Ilia Papas, co-founder and CTO of Blue Apron, says the company wasn’t always known by its catchy name.
Once upon a time, the company was known as Part and Parsley.
“Which was a pun on Part and Parcel,” Papas said. “Which is difficult to hear, and if you understand what part and parcel is, it’s taking the good from the bad, so it’s not even a positive connotation anyway. And people really don’t like parsley.”
When Chef Matt Wadiak, a Chez Panisse alum, agreed to come on board, he insisted the name of the company be changed to Blue Apron, according to Papas.
“At that point we already had the Part and Parsley website made,” he said. “Everything was done, we were ready to go.”
The story behind Blue Apron:
“Traditionally chefs in France when training to cook wear blue aprons,” Papas said. “Chefs like Thomas Keller who has the French Laundry in Yountville, and Julia Child, continued to wear blue aprons as a sign of humility.

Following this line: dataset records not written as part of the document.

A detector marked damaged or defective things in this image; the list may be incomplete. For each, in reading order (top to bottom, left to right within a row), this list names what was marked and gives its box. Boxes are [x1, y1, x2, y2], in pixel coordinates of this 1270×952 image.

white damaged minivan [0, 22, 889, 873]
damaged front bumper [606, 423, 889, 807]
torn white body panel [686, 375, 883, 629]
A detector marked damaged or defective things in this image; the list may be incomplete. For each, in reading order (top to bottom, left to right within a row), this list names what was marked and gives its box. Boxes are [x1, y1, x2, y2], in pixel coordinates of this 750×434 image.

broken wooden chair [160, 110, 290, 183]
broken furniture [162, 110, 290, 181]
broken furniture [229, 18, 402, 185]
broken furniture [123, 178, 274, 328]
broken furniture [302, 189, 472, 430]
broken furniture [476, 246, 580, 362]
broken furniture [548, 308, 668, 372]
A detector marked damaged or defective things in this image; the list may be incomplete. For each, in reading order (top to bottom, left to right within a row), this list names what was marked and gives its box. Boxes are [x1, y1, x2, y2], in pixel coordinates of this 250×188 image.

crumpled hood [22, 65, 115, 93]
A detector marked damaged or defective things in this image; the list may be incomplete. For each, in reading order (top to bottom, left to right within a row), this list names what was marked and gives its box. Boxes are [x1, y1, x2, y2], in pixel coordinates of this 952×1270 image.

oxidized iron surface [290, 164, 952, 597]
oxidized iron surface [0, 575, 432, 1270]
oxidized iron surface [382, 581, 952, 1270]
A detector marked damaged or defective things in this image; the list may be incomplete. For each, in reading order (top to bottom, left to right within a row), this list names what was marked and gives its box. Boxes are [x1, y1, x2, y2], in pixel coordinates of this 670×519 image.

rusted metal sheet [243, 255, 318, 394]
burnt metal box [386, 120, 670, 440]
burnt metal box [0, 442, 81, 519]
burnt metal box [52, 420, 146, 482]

That, as a chef, you are never done learning. And that’s one of our core values, lifelong learning.”
Papas was the keynote speaker today at the well-attended West Contra Costa Economic Summit at The Craneway Pavilion, a gathering of the local business community, community leaders and elected officials that aims to spark economic growth.
Papas talked about his company’s rise from a simple idea — to deliver boxed ingredients for meals that consumers can cook at home — to national fame. And he, of course, gave plenty of props to the City of Richmond, where his company launched a fulfillment center about five years ago.
A computer science graduate at Tufts University, Papas worked in tech consulting in Boston for about a decade before he was convinced by a venture capitalist to launch a startup. After moving to New York, he married his love for food and cooking with an idea. Noting the difficulty in tracking down ingredients for dishes (having to go to three different stores at times), wouldn’t it be great if those ingredients could be delivered directly to you, and in amounts you need?
Along with Matt Salzberg and Wadiak, Papas launched Blue Apron. By late June 2012 from New York, a website was up and running and a supplier relationship was set up. The fledgling company shipped its first 30 boxes to friends and family in Manhattan, and the feedback was positive.
“People were using phrases like ‘I didn’t know I could cook something like that,'” Papas said. “This was something that was creating an emotional connection with people. From that point on, it exploded.”
Keeping up with demand was the problem over the next four years. Only a year after opening business, Blue Apron decided to expand to the West Coast. After considering Reno and Los Angeles, it landed on Richmond as a “sweet spot,” Papas said, as the city has access to “tons of amazing food, proximity to farms, but also really good shipping access.”
“Opening up our Richmond plant allowed us to hit 80 percent of the country between the East and West Coast,” Papas said. “When we opened in August 2013, we were shipping out just under 10,000 meals.”
Over the next two years, that expanded to over 200,000 meals, Papas said.
Today, Blue Apron operates in about 200,000 square feet in Richmond, and is very much part of the community, offering jobs, workforce training and safety programs. It also has fulfillment centers in New Jersey and Texas.
The annual West Contra Costa Economic Summit also included a rare panel discussion among all five mayors of West County cities, who talked directly to the owners and representatives of local businesses at the Craneway event, which also included a networking and resource fair. The event was presented by the Richmond Chamber of Commerce and sponsored by Chevron Richmond and other community partners.